Since the read 1 and read 2 adapters can be found towards the 3' end of some F and R reads, I assume I should use the --p-adapter-f and --p-adapter-r parameters of qiime cutadapt trim-paired to remove them both from F and R reads (removing also all downstream bases).

Be careful when passing multiple trimming sequences to cutadapt at once, see this post for an example of why. In this case it shouldn't really matter because it would be exceedingly strange to see two adapters in a single read, but I would probably still do them separately or use the --p-times option.

Since the V3–V4 F primer is present in some of my F reads near the 5' end, but not exactly at the 5' end, and the V3–V4 R primer is present in some of my R reads near the 5' end, but not exactly at the 5' end, I would have thought it best to remove the primers and all upstream sequence (assuming that the sequence downstream of the primer might be biological sequence from the 16S rRNA gene).

Yes you are right. The upstream comment I made was referring to the adapters, which you only expect to see at the 3' end. At the 5' end you remove the preceding sequence not the subsequent sequence as the cutadapt help text says.

By the way I would run the primer trimming before the adapter trimming, not the other way around. This is because you expect the primers to be nested within the adapters (see the diagrams of the library fragments above), so trimming primers will in most cases also trim the adapters.
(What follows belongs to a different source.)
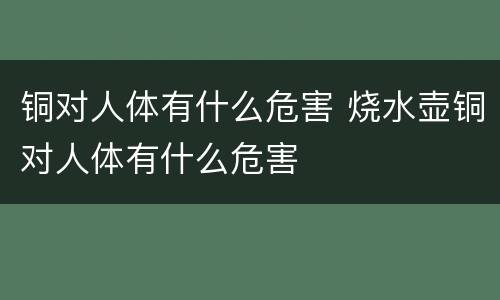 铜对人体有什么危害 烧水壶铜对人体有什么危害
I was thinking of also doing some quality trimming at the 3' ends of the reads.

Those sequences do not look like they need any quality filtering. Even if the quality were lower towards the end of the sequences, you could parameterize the trimming positions to dada2, not dedicate an entire extra step to only quality filtering.

This is possible, but dada2 takes quality scores into account in its algorithm, so this would mostly be personal preference.

I also thought about adding a --p-minimum-length parameter (maybe --p-minimum-length 180 ) to remove very short reads. I seem to have a small number of very short reads (shortest F read length = 24 nt, shortest R read length = 31 nt) in my data. Is it worth removing those, or will q2-dada2 deal with them?

Dada2 will deal them by discarding all reads shorter than the truncation length you provide for each read direction.